**Work to be completed**
Write out, exactly and in full, the line where "a country house." appears together with all lines that follow it in the entries below. Do not include pictures.

-- Working data follows --

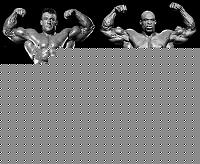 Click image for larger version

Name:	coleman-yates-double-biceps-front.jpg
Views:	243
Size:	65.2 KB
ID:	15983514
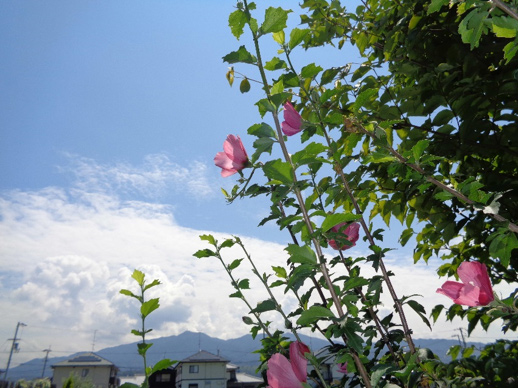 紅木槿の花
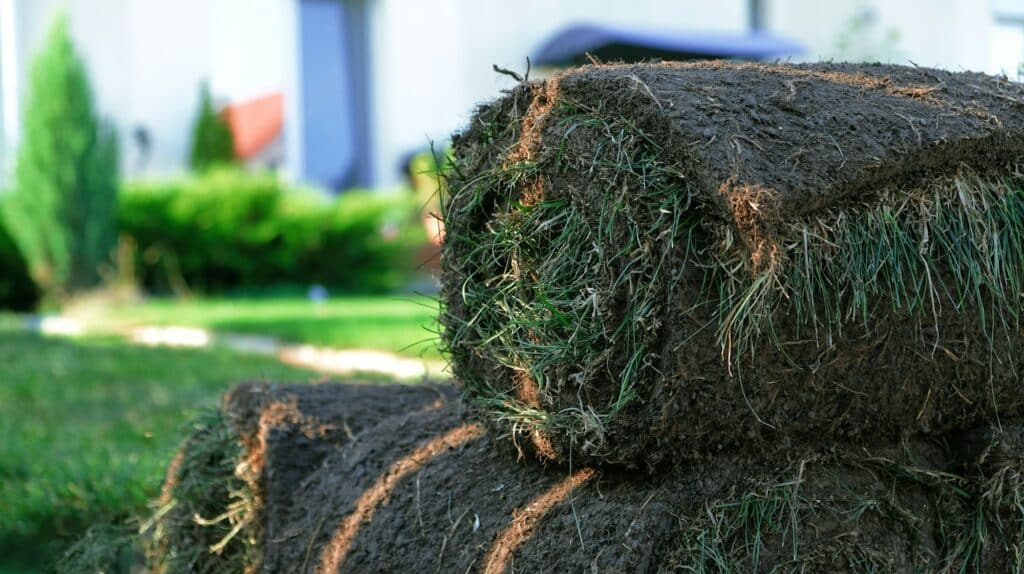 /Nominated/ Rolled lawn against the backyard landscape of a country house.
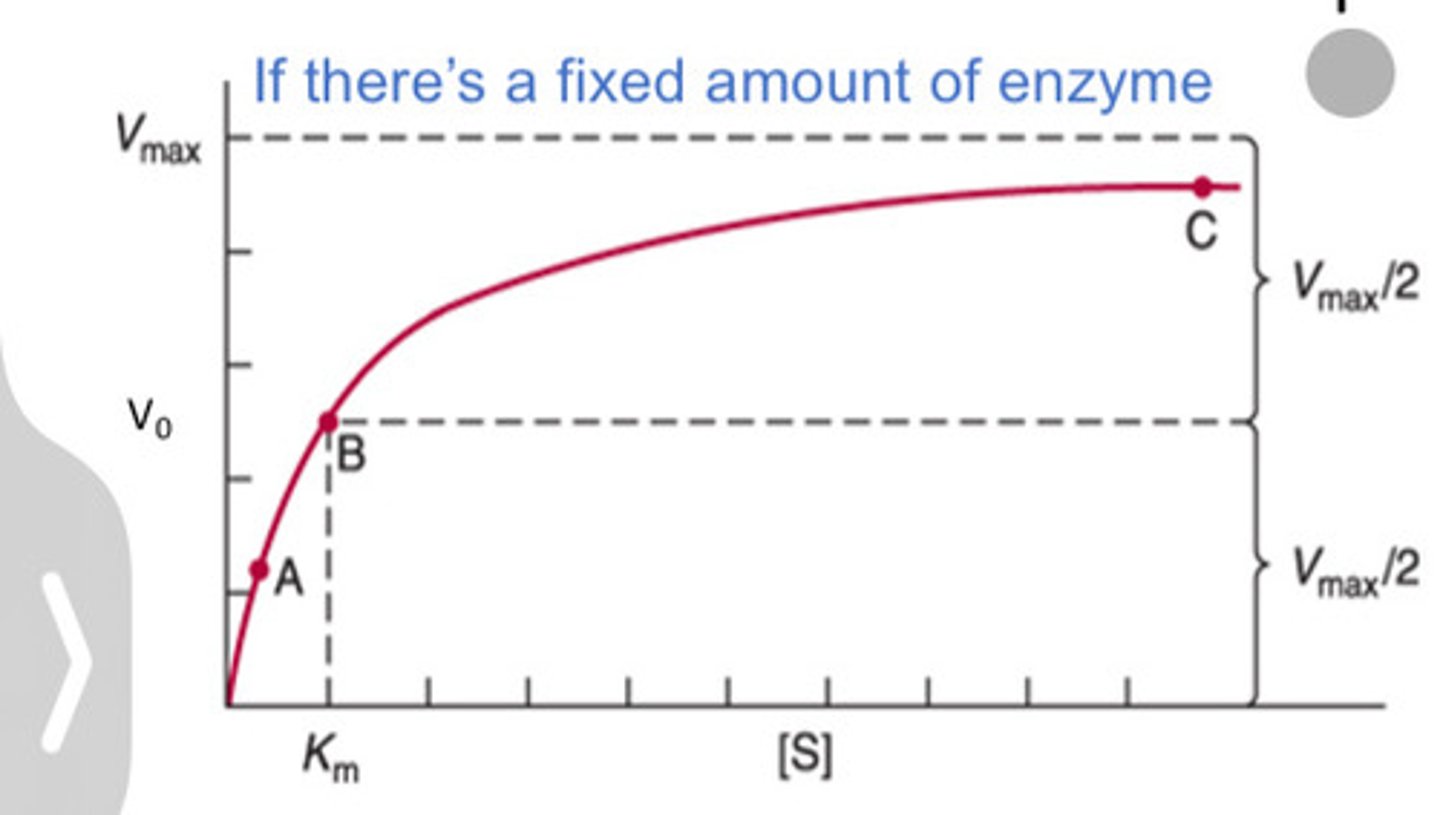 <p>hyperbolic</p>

-- Working data concluded --

**The completed task**
 /Nominated/ Rolled lawn against the backyard landscape of a country house.
 <p>hyperbolic</p>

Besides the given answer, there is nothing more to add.